The third method, i.e., the integration of the extrusion process with electrospinning, provides nanofibrous meshes [17-20] which can be incorporated with various types of bioactives to target the generation of especially interface tissues, for example the bone and cartilage interface [19,20]. A demonstration using PCL involved altering the concentration distributions of two bioactive agents concomitantly (one increasing, whereas the other decreasing monotonically) in between the two sides of a nanofibrous scaffold, i.e., the gradients of insulin, a stimulator of chondrogenic differentiation, and β-glycerophosphate (β-GP), for mineralization [20]. The graded mesh was seeded with human adipose-derived stromal cells and cultured over eight weeks. The resulting tissue constructs revealed selective differentiation of the stromal cells toward chondrogenic lineage and mineralization as functions of position resulting from the corresponding concentrations of insulin and β-GP. Chondrogenic differentiation of the stem cells increased at insulin-rich locations and mineralization increased at β-GP-rich locations [20].

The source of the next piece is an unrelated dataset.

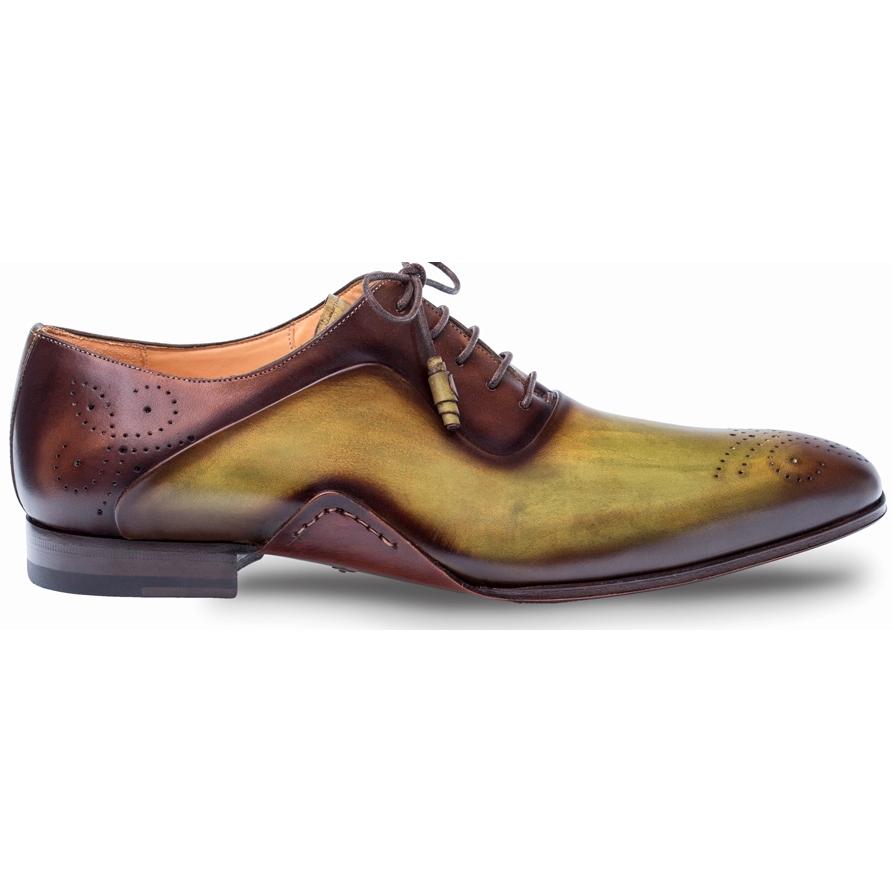 Mezlan Ferrara Olive / Dark Brown Genuine Calfskin Plain Toe Oxford Shoes  8450. - $ :: Upscale Menswear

Combinations of such extrusion based methods are also possible. For example, the electrospinning process can be married to the spiral winding process for the fabrication of multi-featured scaffolds which consist of spiral wound shells surrounding electrospun cores [24]. Such a combination was shown to be suitable for fabricating multiscale scaffolds for achieving vascularized osteon-like structures [24].

In summary extrusion-based processing methods present versatile technologies that are capable of creating complex gradations in graft substitutes and tissue engineering scaffolds. They should be considered for utilization as either stand-alone or as complementary technologies in various demanding tissue engineering applications.